Licence Appeal Tribunal File Number: 23-010906/AABS
In the matter of an application pursuant to subsection 280(2) of the Insurance Act, RSO 1990, c I.8, in relation to statutory accident benefits.
Between:
Sharmila Patrick
Applicant
and
Economical Insurance
Respondent
DECISION
ADJUDICATOR: Harouna Saley Sidibé
APPEARANCES:
For the Applicant: Raffi Akelian, Counsel
For the Respondent: Jeremy Hanigan, Counsel
HEARD: By way of written submissions
OVERVIEW
1Sharmila Patrick, the applicant, was involved in an automobile accident on October 30, 2021, and sought benefits pursuant to the Statutory Accident Benefits Schedule - Effective September 1, 2010 (including amendments effective June 1, 2016) (the “Schedule”). The applicant was denied benefits by the respondent, Economical Insurance, and applied to the Licence Appeal Tribunal - Automobile Accident Benefits Service (the “Tribunal”) for resolution of the dispute.
ISSUES
2The issues in dispute are:
i. Are the applicant’s injuries predominantly minor as defined in s. 3 of the Schedule and therefore subject to treatment within the $3,500.00 Minor Injury Guideline (“MIG”) limit?

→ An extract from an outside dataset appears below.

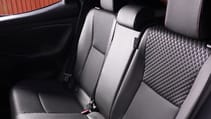 Toyota Yaris back seats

ii. Is the applicant entitled to the treatments and assessments proposed by PhysioMed Bramalea, as follows:
$1,297.00 for physiotherapy services, in a treatment plan dated March 2, 2022;
$1,379.25 for physiotherapy services, in a treatment plan dated April 22, 2022; and
$2,574.00 for physiotherapy services, in a treatment plan dated December 7, 2021?
iii. Is the applicant entitled to the treatments and assessments proposed by Downsview Healthcare Inc., as follows:
$2,486.00 for a psychological assessment, in a treatment plan dated January 27, 2022; and
$2,486.00 for a physiatry assessment, in a treatment plan dated October 28, 2022?
iv. Is the respondent liable to pay an award under s. 10 of Reg. 664 because it unreasonably withheld or delayed payments to the applicant?
v. Is the applicant entitled to interest on any overdue payment of benefits?
RESULT
3For the reasons below, I find:
The applicant’s impairments are predominantly minor, and thus, the MIG limit applies.
As the applicant is subject to the MIG, it is not necessary to consider whether the disputed treatment plans are reasonable and necessary.
The applicant is not entitled to interest or an award.
PROCEDURAL ISSUES
4I find that the applicant’s late submission of the s. 25 assessment report did not prejudice the respondent and will be accepted into evidence.
5The respondent submits that the applicant underwent a s. 25 assessment on May 27, 2024, and provided Dr. Michael West’s report on June 3, 2024. However, she did not meet the 60-day production deadline outlined in the Case Conference Report and Order (“CCRO”) dated April 2, 2024, as the report was submitted 75 days after the case conference.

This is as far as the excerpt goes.